Senin, 01 Oktober 2007

Malam terakhir: Setelah Lampu Depan Dimatikan

Jarum jam menunjuk angka 21.30.

Bocah enam setengah tahun itu merosot turun dari ranjang ibunya. Sudah pukul setengah sepuluh malam. Dentang jam dinding di ruang tengah membuatnya makin terjaga pada malam itu, Jumat Pahing, 30 September 1965.

Ilham, bocah itu, menyelinap ke ruang tamu.
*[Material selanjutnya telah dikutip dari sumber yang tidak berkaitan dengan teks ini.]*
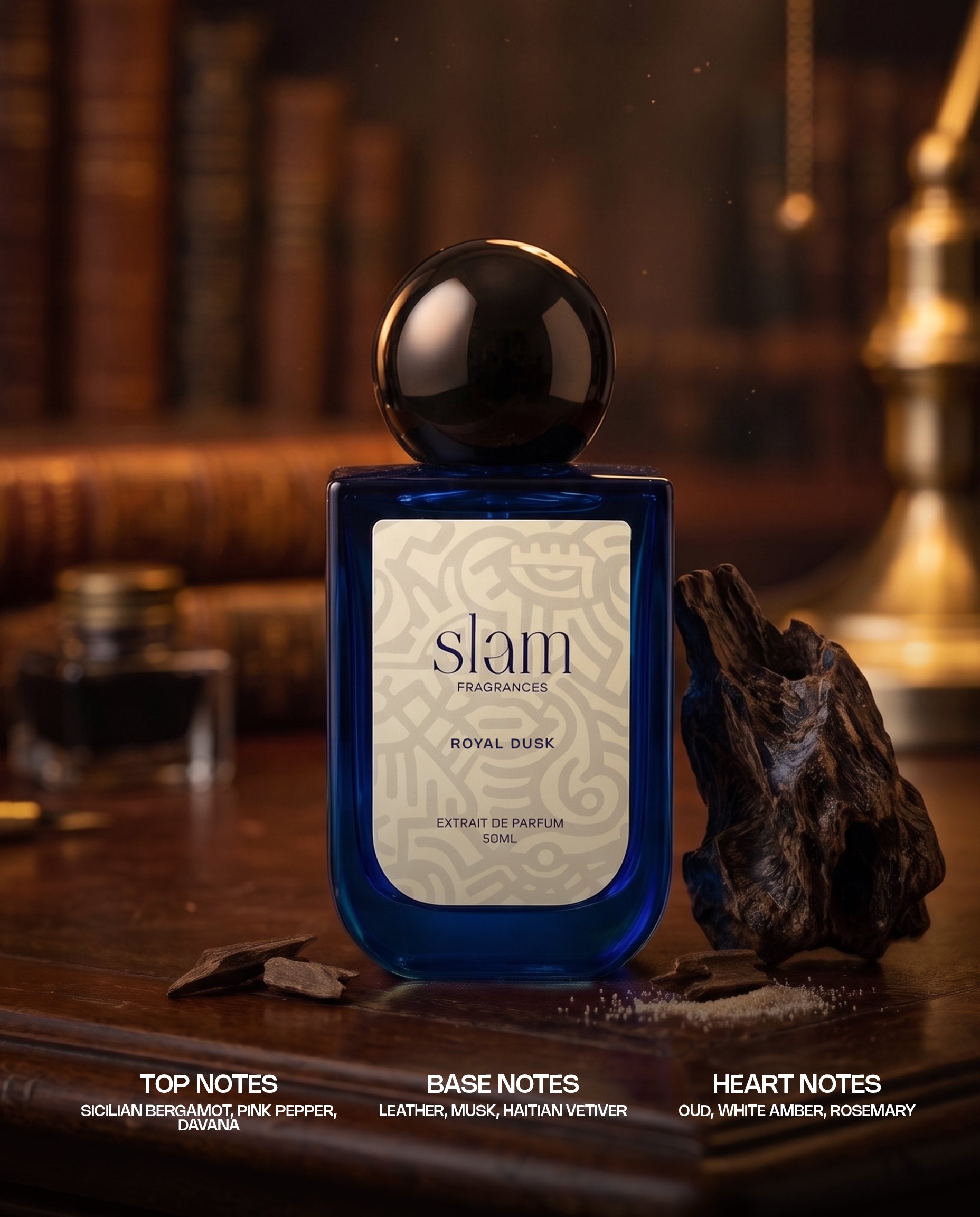 Royal Dusk long-lasting perfume in Pakistan | SLAM Pakistan inspired by Gissah Imperial Valley, photo 3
Ayahnya, Dipa Nusantara Aidit, tengah asyik mengobrol dengan Hardoyo, mantan Ketua Concentrasi Gerakan Mahasiswa Indonesia (CGMI), organisasi mahasiswa onderbouw Partai Komunis Indonesia (PKI). Pembicaraan berlangsung serius. Wajah keduanya menegang. Beberapa kali keduanya terpaksa menghentikan pembicaraan tatkala Ilham berseliweran di ruang tamu.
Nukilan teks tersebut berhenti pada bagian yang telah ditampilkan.